Convention Games 101

When you agree to run a game at a convention rather than for your own friends there are several key differences that need to be kept in mind to make things run smoothly.

  1. You will only have a finite amount of time for the game.  Usually you either book a set amount of time (60 minutes, 90 minutes etc.) or a block of time (12pm-2pm).  In either case keeping track of the time is important.  There may be other attendees moving into the space when you are done and your players may have other games to get to following yours.  The time you have is for setup, instruction, gameplay and teardown and be aware of how long each of those things take.  Some games (Arkham Horror and Firefly I’m looking at you) have longer than average setup times.
  2. The odds are good that you will be playing with people who have no experience with the game.  In many cases, when someone sits down to a table at a convention it is because they want to try something new.  You will need to teach people how to play.  Make sure you know the rules.  Make sure that if there is errata you know what it is (and bring it with you).  If you’re using any house rules, have those printed out and make sure you tell people ahead of time what they are, possibly in the description you submitted.

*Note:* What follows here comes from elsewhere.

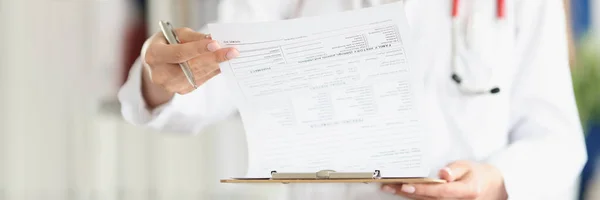 Dottore sfogliando i documenti nella storia medica del paziente in primo piano clinica — Foto Stock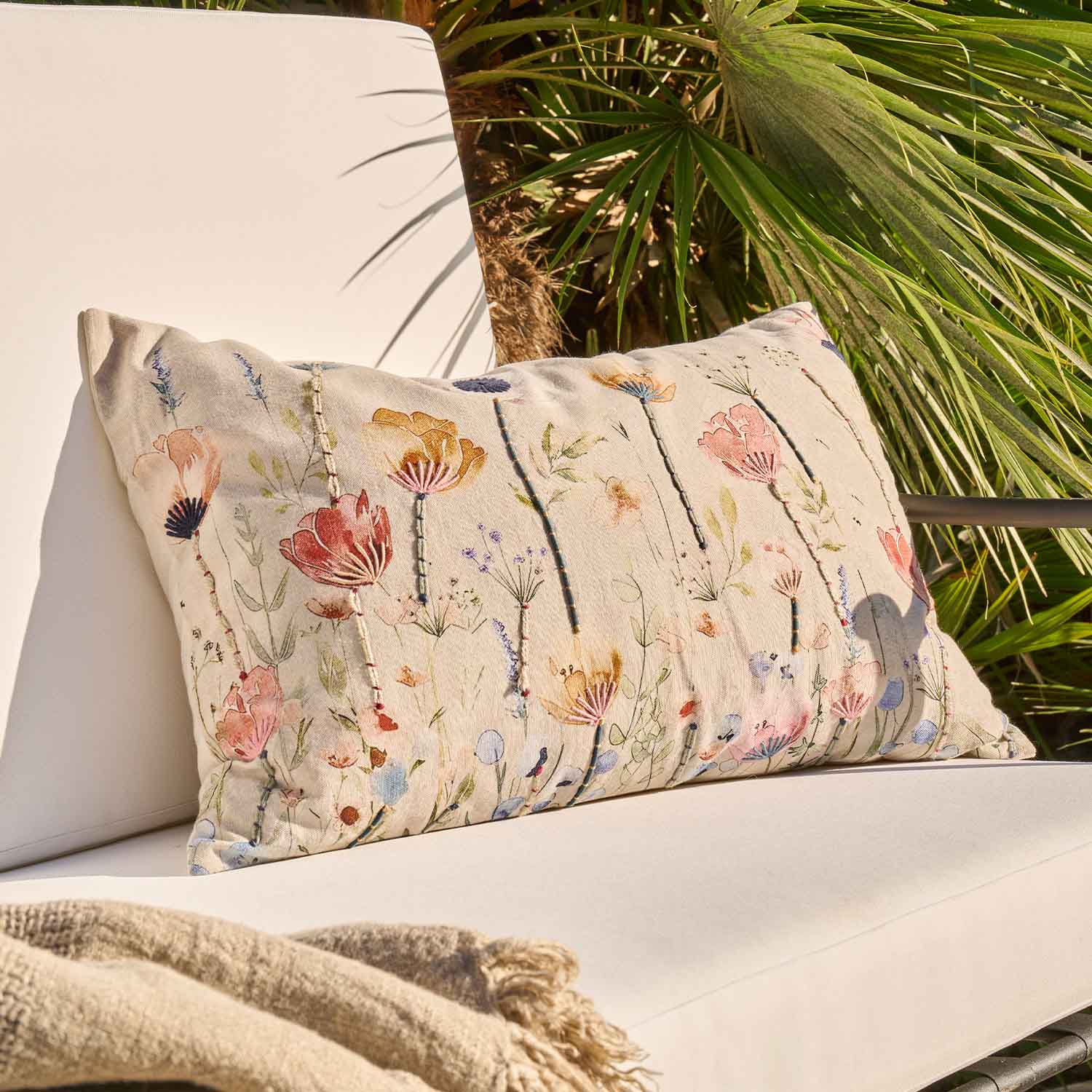 Coussin beige décoratif avec motif floral brodé sur fond clair, parfait pour salon et jardin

  3. Submit a description of your game for the schedule/website etc.  Your game is one of many during the convention and if you want players you need to sell the game to them.  Some conventions have printed schedules with descriptions, others have websites with electronic versions.  Make sure you submit a description of your game, even if you just copy the blurb from the back of the box or the company website.
  4. Be aware of your table footprint.  Some games take up an inordinate amount of space.  If you’ve got boards, decks of cards, play mats, dice cups, dice trays, dice towers, player handouts, maps, miniatures, standees etc. that all takes table space and needs to be accounted for when you submit your game.  RPGs in particular can take up more space than you think when you’ve got 4-6 players plus a GM with all their dice, character sheets, dice trays etc. it takes up a lot of room.  Most tables at a convention are either rectangular (30”x72”) or Round (60” or 72”).  Some conventions may allow you to book two tables or place two rectangular ones together.  If you need more space than this you should bring your own TV Trays or similar but check with the convention staff first as there may not be open space for more tables than the layout allows for.

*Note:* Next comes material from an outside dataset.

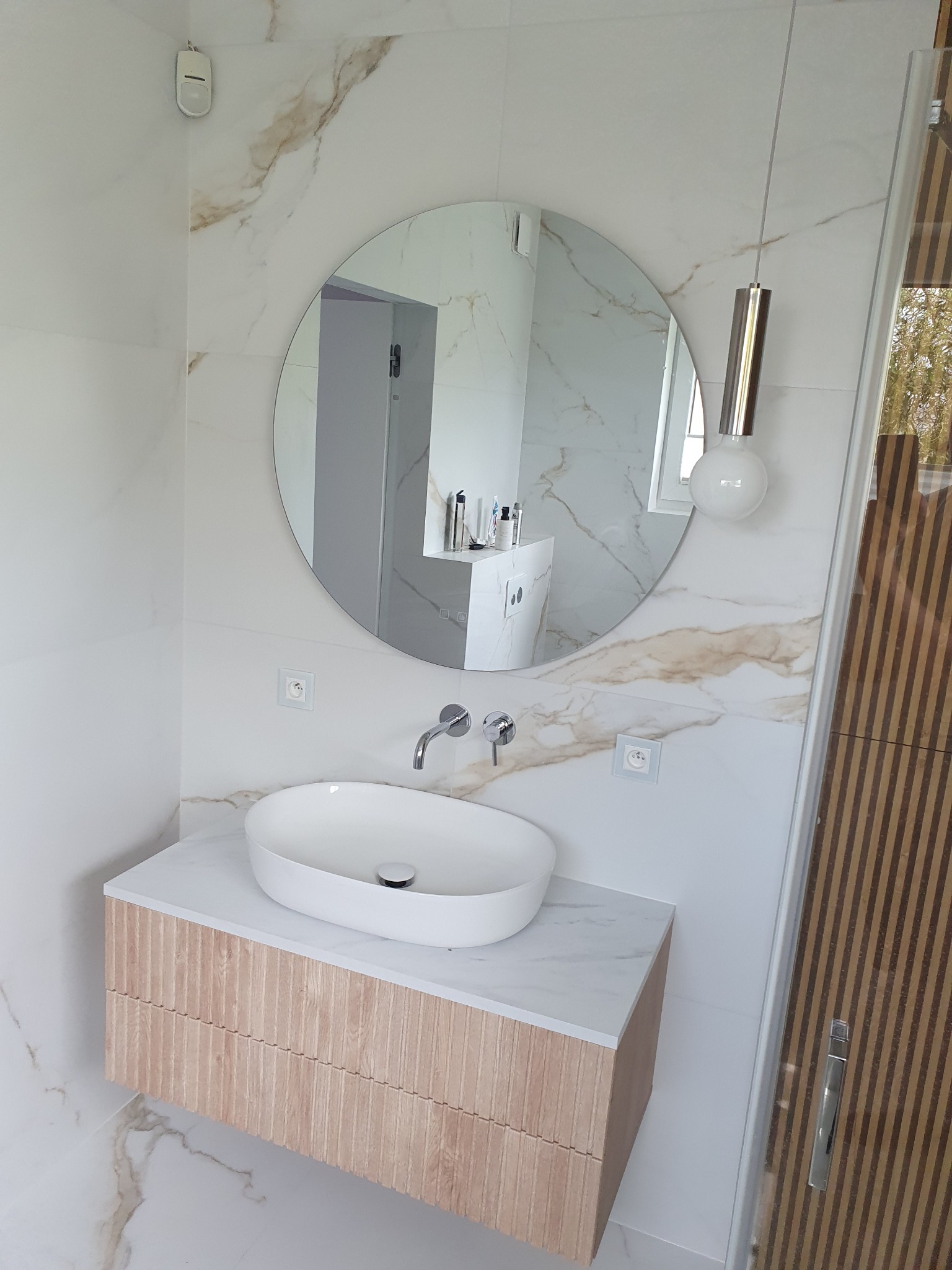 Nowoczesna łazienka z okrągłym lustrem, owalną umywalką nablatową i szafką z ryflowanym frontem, wykończona białymi płytkami imitującymi marmur z delikatnym żyłowaniem.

  5. Be accommodating.  If a player realizes they made a mistake fairly quickly let them take it back.  If a player doesn’t seem to grasp a rule or something it’s your job to make it clear.  Some games seem to delight in byzantine rules or scoring mechanisms or placement rules and if a player makes a mistake let them correct it if they ask.
  6. Do not play the game for the players.  Some people have a tendency to backseat drive when they are teaching a game.  “You should move here” or “You should use this ability”.  Do.  Not.  Do.  That.  The players are there because they want to play the game you’re presenting.  Even if a player does something that isn’t optimal as long as it’s not wrong (and even if it is you should remind them of the relevant rule but absolutely let them make their own legal choice), then let them do it.  Answer questions as they come up, remind people of the mechanics when necessary but do not play for them.
  7. If at all possible for a board game, be the impartial referee.  Make choices for enemies, roll dice for them, read card text aloud, keep track of the turns, the scoring and all the fiddly bits but if at all possible do not play in the game.  Run it as a game master.  Your job should be to teach the game to new people, not to play the game with new people and it’s much much easier to do that if you’re not concentrating on your turn or your strategy.
  8. Be knowledgeable about the game.  If people enjoy the game they are going to have questions, the most predominant ones being “Where can I get this?” and “How much does it cost?”  If possible direct them to your FLGS rather than a big box store or online.  If you’re running an RPG many, many companies have free quick start rules online that provide pre-gen characters, condensed rules and a short adventure.  If that’s available for your game, absolutely direct the players there.  
  9. Bring extra materials.  If you’re running a board game make sure everything is in the box (I once ran a game where the actual rules were accidentally packed away in an expansion box…that I didn’t bring) that you’ll need.  If you’re running an RPG make sure you’ve brought everything you need and a few extra sets of dice, some blank paper and pens. If your particular game uses special things – tokens, minis, standees etc. make sure those are with you.  If you’ve made a checklist of what to include then make sure you actually use the checklist.
  10. Be enthusiastic about your game.  In theory you’re running the game because you enjoy it so be sure to convey that joy.  Even if you’re running the late night session or the dog days end of convention session.  You are running/showcasing a game that you love and you want other people to feel that.